6

Why is the assembly output of store_idx_x86() the same as store_idx() and load_idx_x86() the same as load_idx()?

It was my understanding that __atomic_load_n() would flush the core's invalidation queue, and __atomic_store_n() would flush the core's store buffer.

Note -- I complied with: gcc (GCC) 4.8.2 20140120 (Red Hat 4.8.2-16)

Update: I understand that x86 will never reorder stores with other stores and loads with other loads -- so is gcc smart enough to implement sfence and lfence only when it is needed or should using __atomic_ result in a fence (assuming a memory model stricter than __ATOMIC_RELAXED)?

Code

#include <stdint.h>


inline void store_idx_x86(uint64_t* dest, uint64_t idx)
{   
    *dest = idx;    
}

inline void store_idx(uint64_t* dest, uint64_t idx)
{
    __atomic_store_n(dest, idx, __ATOMIC_RELEASE);
}

inline uint64_t load_idx_x86(uint64_t* source)
{
    return *source;

}

inline uint64_t load_idx(uint64_t* source)
{
    return __atomic_load_n(source, __ATOMIC_ACQUIRE);
}

Assembly:

.file   "util.c"
    .text
    .globl  store_idx_x86
    .type   store_idx_x86, @function
store_idx_x86:
.LFB0:
    .cfi_startproc
    pushq   %rbp
    .cfi_def_cfa_offset 16
    .cfi_offset 6, -16
    movq    %rsp, %rbp
    .cfi_def_cfa_register 6
    movq    %rdi, -8(%rbp)
    movq    %rsi, -16(%rbp)
    movq    -8(%rbp), %rax
    movq    -16(%rbp), %rdx
    movq    %rdx, (%rax)
    popq    %rbp
    .cfi_def_cfa 7, 8
    ret
    .cfi_endproc
.LFE0:
    .size   store_idx_x86, .-store_idx_x86
    .globl  store_idx
    .type   store_idx, @function
store_idx:
.LFB1:
    .cfi_startproc
    pushq   %rbp
    .cfi_def_cfa_offset 16
    .cfi_offset 6, -16
    movq    %rsp, %rbp
    .cfi_def_cfa_register 6
    movq    %rdi, -8(%rbp)
    movq    %rsi, -16(%rbp)
    movq    -8(%rbp), %rax
    movq    -16(%rbp), %rdx
    movq    %rdx, (%rax)
    popq    %rbp
    .cfi_def_cfa 7, 8
    ret
    .cfi_endproc
.LFE1:
    .size   store_idx, .-store_idx
    .globl  load_idx_x86
    .type   load_idx_x86, @function
load_idx_x86:
.LFB2:
    .cfi_startproc
    pushq   %rbp
    .cfi_def_cfa_offset 16
    .cfi_offset 6, -16
    movq    %rsp, %rbp
    .cfi_def_cfa_register 6
    movq    %rdi, -8(%rbp)
    movq    -8(%rbp), %rax
    movq    (%rax), %rax
    popq    %rbp
    .cfi_def_cfa 7, 8
    ret
    .cfi_endproc
.LFE2:
    .size   load_idx_x86, .-load_idx_x86
    .globl  load_idx
    .type   load_idx, @function
load_idx:
.LFB3:
    .cfi_startproc
    pushq   %rbp
    .cfi_def_cfa_offset 16
    .cfi_offset 6, -16
    movq    %rsp, %rbp
    .cfi_def_cfa_register 6
    movq    %rdi, -8(%rbp)
    movq    -8(%rbp), %rax
    movq    (%rax), %rax
    popq    %rbp
    .cfi_def_cfa 7, 8
    ret
    .cfi_endproc
.LFE3:
    .size   load_idx, .-load_idx
    .ident  "GCC: (GNU) 4.8.2 20140120 (Red Hat 4.8.2-16)"
    .section    .note.GNU-stack,"",@progbits
Bigtree
  • 147
  • 1
  • 8
  • For 80x86, aligned loads and stores are guaranteed (by the CPU) to be atomic.
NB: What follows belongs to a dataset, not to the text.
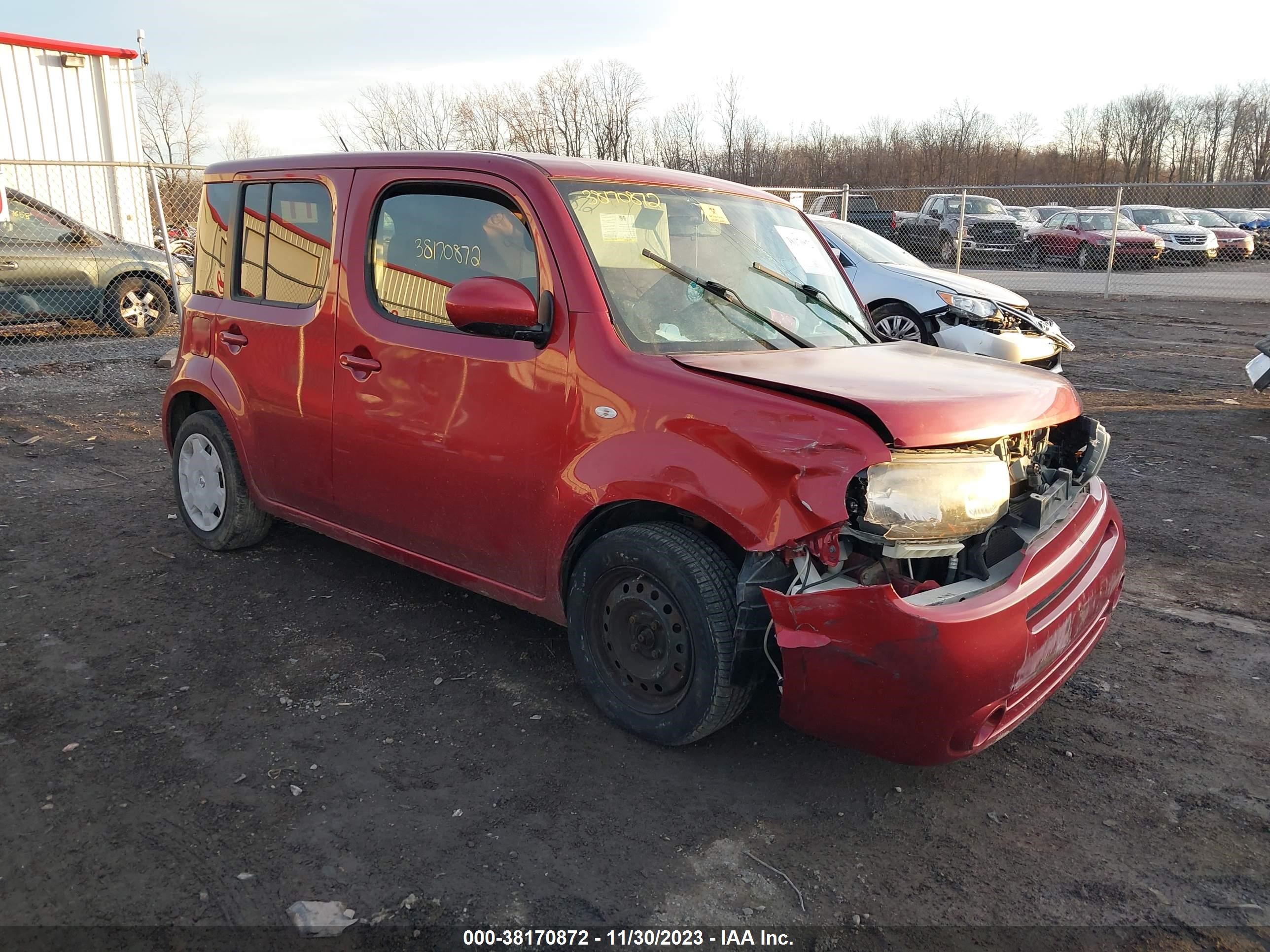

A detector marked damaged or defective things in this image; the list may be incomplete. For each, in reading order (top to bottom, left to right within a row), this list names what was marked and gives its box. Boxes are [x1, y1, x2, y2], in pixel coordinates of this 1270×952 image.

If the compiler can guarantee the load/store is always correctly aligned, the code you see above is fine. However... – Brendan Feb 09 '15 at 02:54
  • 3
    ..I'm not necessarily convinced that the compiler can guarantee the load/store will always be correctly aligned (e.g. `(uint64_t*)&myArrayOfChar[3]`) and therefore I'm not convinced it is fine; unless you abuse "implementation defined" (with regard to pointer type conversions) as a lame excuse for "unexpected but technically permitted to ruin your entire week" behaviour (which is something GCC developers seem to have become fond of). – Brendan Feb 09 '15 at 02:54
  • It might be interesting to change * dest from uint64_t to void, in which case the compiler probably shouldn't assume * dest is aligned. – Timothy Johns Feb 09 '15 at 14:31
  • __atomic_ won't accept void or structs – Bigtree Feb 09 '15 at 17:50
  • The atomicity part is explained by https://stackoverflow.com/questions/36624881/why-is-integer-assignment-on-a-naturally-aligned-variable-atomic. But it's not really a duplicate because you also ask about fences, and the answer here gets that right. See also http://preshing.com/20120930/weak-vs-strong-memory-models/ – Peter Cordes Sep 01 '17 at 22:38
  • @brendan - compilers have long assumed that memory is correctly aligned and the various aliasing and casting rules are there to ensure it is preserved. So GCC isn't doing anything that other compilers haven't been doing forever in that respect. In particular, if compilers didn't assume alignment you pretty much couldn't generate efficient code at all on platforms that don't allow misaligned memory operations. While they are less common today, they exist and historically there have been many, so assuming alignment has been important pretty much forever. – BeeOnRope Sep 01 '17 at 23:22

1 Answers1

2

Why is the assembly output of store_idx_x86() the same as store_idx() and load_idx_x86() the same as load_idx()?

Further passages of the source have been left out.